Operators who were on duty during the event incorrectly performed the verification of RCP seal injection prior to opening FCV-626. Operators did not verify that adequate seal injection existed by review of diverse indications. The operators indicated during interviews that they verified that a charging pump was running prior to re-opening FCV-626. They specifically indicated that thermally shocking the RCP seals was not a concern with a charging pump running. At the time that FCV-626 was re-opened, CCW had not been flowing to the thermal barrier heat exchanger for 39 minutes and seal injection had been inadequate for 10 to 15 minutes coincident with no thermal barrier cooling. Inspectors considered this information when performing the review of licensee procedures that were used during the event. URIs05000261/2010009-01, Monitoring of Plant Parameters and Alarms, and 05000261/2010009-03, Utilization of Operators During Events Requiring Use of Concurrent Procedures will inspect the operator performance aspects discussed above.

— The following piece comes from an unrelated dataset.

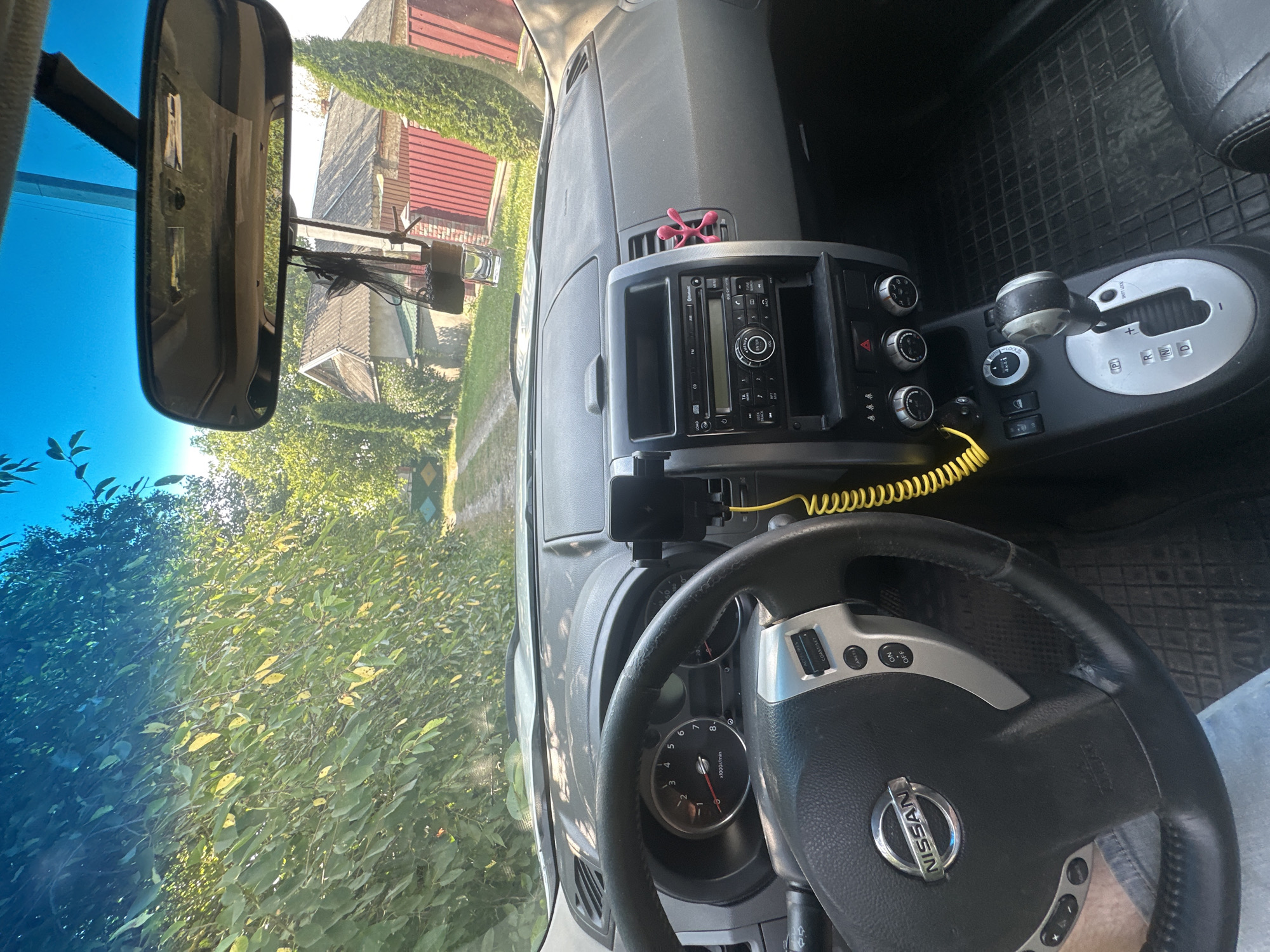The image shows the interior of a Nissan X-Trail parked on a dirt road in Shatava, Ukraine. The sun is shining, creating bright highlights on the dashboard and windshield. Through the windshield, a rural scene is visible, with a dirt road leading past trees and houses with red fences. The interior of the car features a black leather steering wheel with a Nissan logo, a dashboard with various controls including a radio and climate control knobs, and a gear shifter. A yellow coiled cord is visible, likely for charging a device. A small black air freshener hangs from the rearview mirror. A person's leg, wearing denim shorts, is partially visible in the lower left corner.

Inspectors subsequently identified that Path-1 only explicitly required the operators to verify that a charging pump was running for making the determination that adequate seal injection existed. Inspectors also identified that the Path-1 background document supported the incorrect assumption that a charging pump running was satisfactory indication that adequate seal injection flow existed. Operators, during the March 28, 2010, event, literally complied with the procedure step for verifying that a charging pump was operating when making the determination that they had adequate seal injection, but they did not comply with the intent of the step in that they did not verify that adequate seal cooling had been maintained.

Analysis:

The failure to establish and maintain an emergency procedure that would ensure adequate reactor coolant pump seal cooling, preventing seal degradation and a possible seal LOCA was a performance deficiency. The finding was more-than minor because it is associated with the Initiating Events Cornerstone and affected the cornerstone objective to limit the likelihood of those events that upset plant stability and challenge critical safety functions during shutdown as well as power operations, specifically a loss of seal cooling to prevent the initiation of an RCP seal loss of coolant accident (LOCA). Using Manual Chapter Attachment 0609.04, "Phase 1 - Initial Screening and Characterization of Findings," the inspectors determined the finding required a Phase 2 analysis because the finding could result in RCS leakage exceeding Technical Specification limits. The Phase 2 analysis determined that this finding was potentially greater than green; therefore, a Phase 3 analysis is required by a regional senior reactor analyst due to an increase in the likelihood of an RCP seal LOCA. The significance of this finding is designated as To Be Determined (TBD) until the safety characterization has been completed. The cause of this finding had a cross-cutting aspect of Documentation, Procedures, and Component Labeling, in the Resources component of the cross-cutting area of Human Performance, in that the licensee failed to ensure procedures for emergency operations were adequate to assure nuclear safety.

(H.2(c)).

Enforcement:

Technical Specification 5.4.1, Procedures, requires in part that procedures shall be established, implemented, and maintained covering the activities in Regulatory Guide (RG) 1.33, Rev. 2, Quality Assurance Program Requirements. Item 6 of RG 1.33, Appendix A, states, in part, that typical safety-related activities such as combating emergencies and other significant events including reactor trip, shall be covered by written procedures. The licensees PATH-1 procedure is the implementing procedure for operator response to a reactor trip. Contrary to the above, the licensee did not adequately establish and maintain procedures to ensure that seal cooling was adequately maintained to the RCPs following a reactor trip. Specifically, the licensees PATH-1 procedure and associated Background Document incorrectly informed operators that verification of an operating charging pump was adequate to determine that RCP seal injection existed. Not maintaining adequate seal cooling to the RCPs affects the likelihood of a RCP seal-LOCA caused by thermally shocking RCP seals and seal failure.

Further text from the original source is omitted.